INFORMATION:
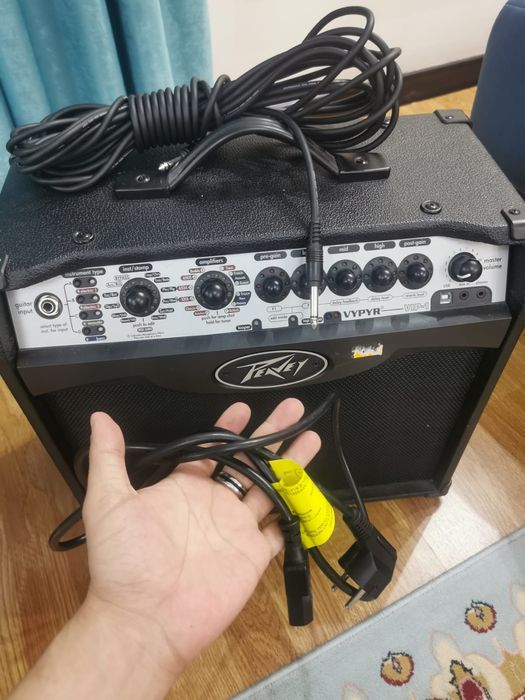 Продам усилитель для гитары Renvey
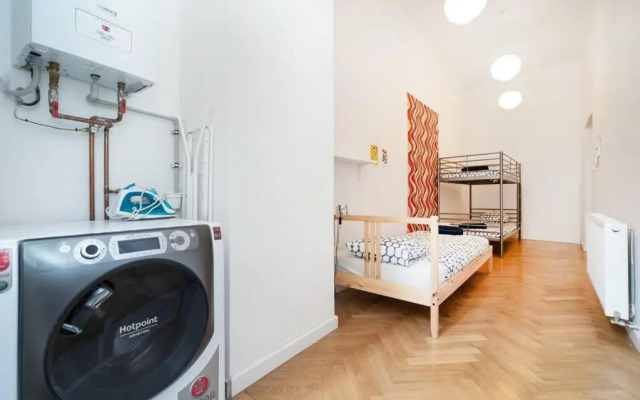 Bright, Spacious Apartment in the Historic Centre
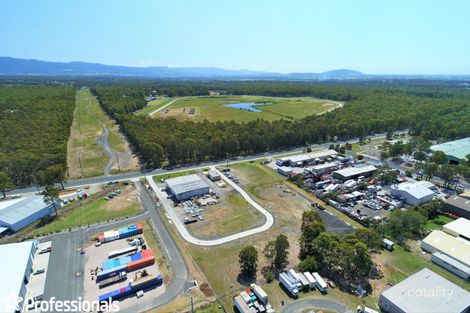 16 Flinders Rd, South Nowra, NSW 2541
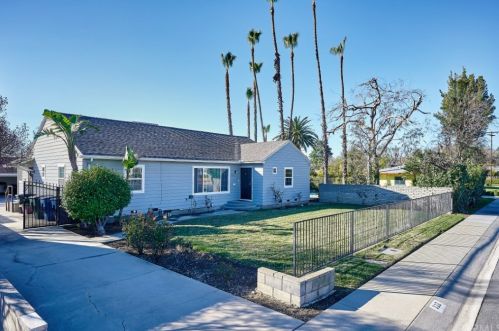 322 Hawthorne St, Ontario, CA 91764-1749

* * *

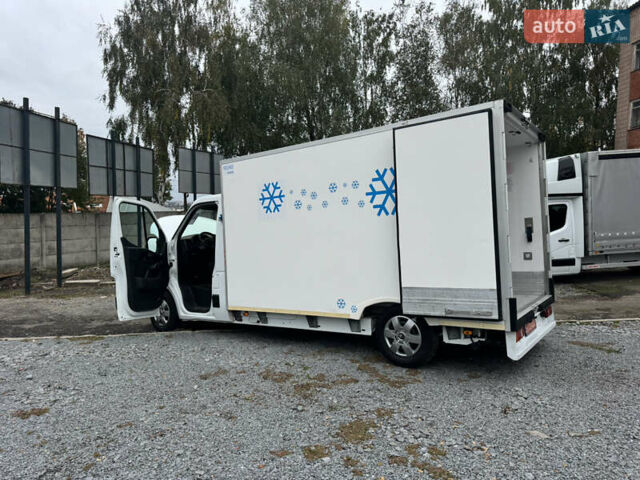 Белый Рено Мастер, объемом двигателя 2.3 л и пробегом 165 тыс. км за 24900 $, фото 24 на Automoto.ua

==

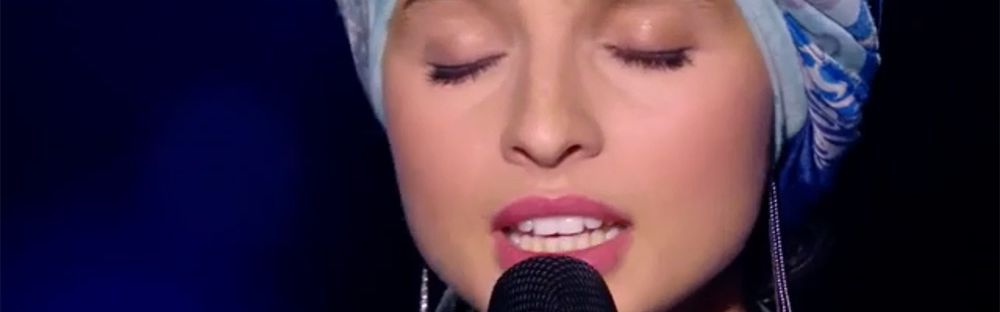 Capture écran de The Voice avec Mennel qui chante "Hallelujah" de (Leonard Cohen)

EXERCISE OBJECTIVE:
Though the entries above contain pictures, none should be copied; reproduce only the lines between the one holding "Продам усилитель для гитары Renvey" and the one holding "322 Hawthorne St, Ontario, CA 91764-1749", inclusive, exactly as written.

RESULT:
 Продам усилитель для гитары Renvey
 Bright, Spacious Apartment in the Historic Centre
 16 Flinders Rd, South Nowra, NSW 2541
 322 Hawthorne St, Ontario, CA 91764-1749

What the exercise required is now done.